Rogen’s shtick is roaring here, that mumble-verbal comedy style he employs so easily just launching itself from his mouth at every opportunity. Your mileage on that will vary, but if you enjoy Rogen and what he does, this film will pass muster. Also, he spends the vast percentage of his time on-screen pretending to be high/wasted/smashed/tripping so prepare for a lot of Wolf Of Wall Street queludes-style rambling. Funny? In bits. Hilarious? Nah, not so much. Anthony Mackie cultivates more of his wide-shouldered look-at-me screen persona as Chris, a juiced-up NFL star with “a social media game on point” and an easy lay if every there was. Mackie looks like he’s having fun, riffing off Rogen’s relatively introverted mannerisms and attacking the script with ferocity. In contrast, Joseph Gordon-Levitt looks embarrassed to have to appear in this; he looks lost, foundering through the crass dialogue and inane concepts the film comes up with, and he seems to have found a soul-mate in Lizzy Caplan, who must have signed on to this film simply for the paycheck. Caplan looks like she wants to sink through the floor, her acting feels so stilted and forced.
Blessedly, the supporting cast do as much as they can to…er, support the leads, and for the most part do a good job. Michael Shannon’s seedy drug supplier character is shady as f@ck, and creepy as hell, while Mindy Kaling once again supplies the “token ethnic best friend” role to a hot white chick – seriously, when she dies she’ll be buried next to freakin’ Kristen Bell or some crap, just as a big middle finger to nobody – and Jillian Bell, playing Rogen’s wife, actually comes across as normal and reasonable for a film trying desperately to avoid just that. James Frano appears in one of the film’s less amusing gags and flirts with his own possible homosexuality, while Miley Cyrus’ lampooning of her former television status is a momentary glimmer of ironic hope in a sea of scattershot inanity.

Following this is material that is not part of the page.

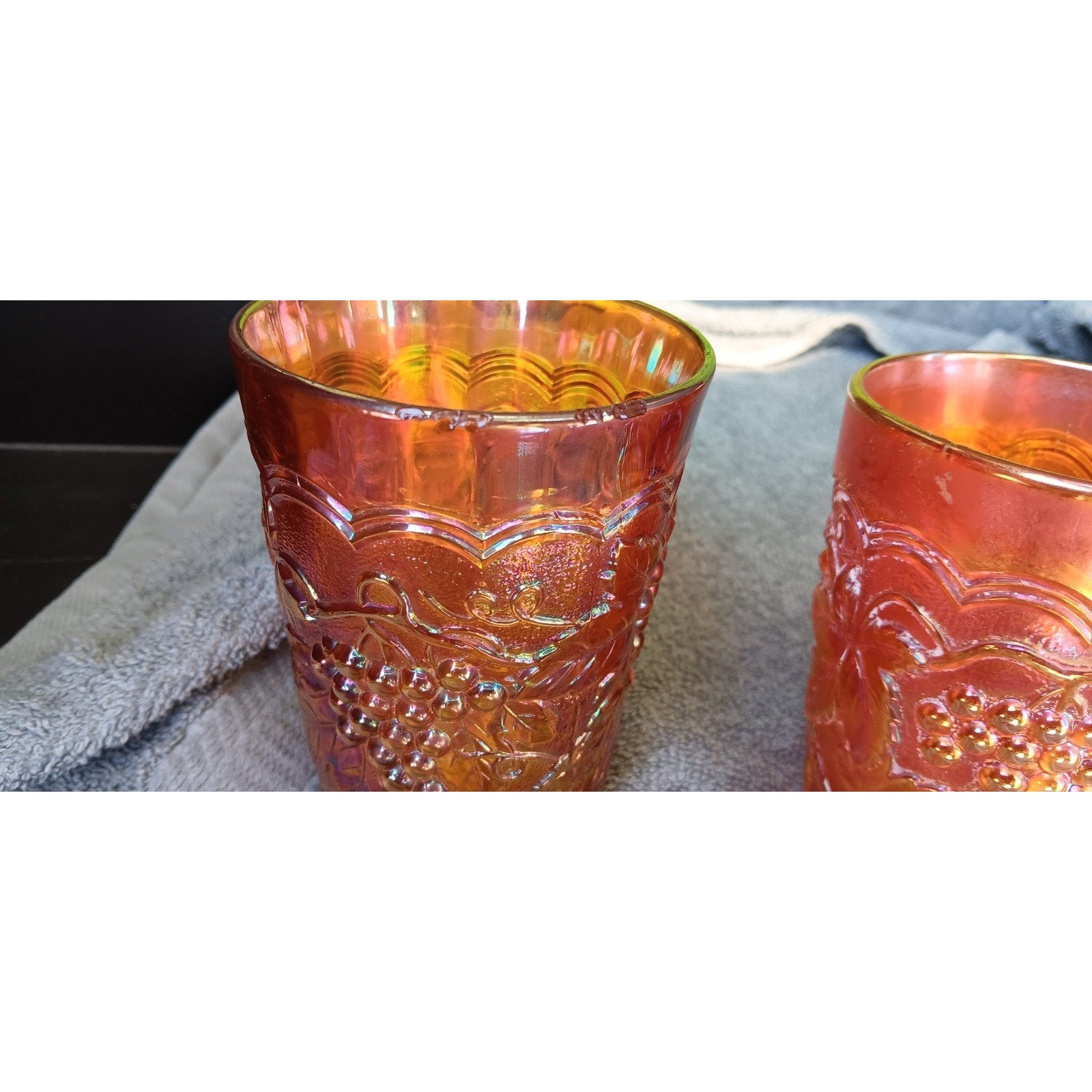 Vintage Joe St. Clair Carnival Glass Lot Grape & Cable Tumbler Set Of 5 Marigold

The Night Before is basically just another excuse for Rogen and his writers to come up with more stupid scenarios into which they can drag screaming some laughs. The guy’s carved a career out of this stuff, most of which is largely forgettable, because I think he’s better when acting “straight” – see Steve Jobs or 50/50 for that – but I guess this film is what it is. It’s not a great movie, but it contains some laughs if you’re looking for an easy, undemanding night in front of the television. The leads all have nice chemistry, there’s a tokenistic “love story” element that kinda gets lost between Rogen’s drug-induced hallucinations and Mackie’s gangsta speak, and the film ends on an “awwww” note just to complete the trifecta. So sure, it’s okay, but it’s no classic.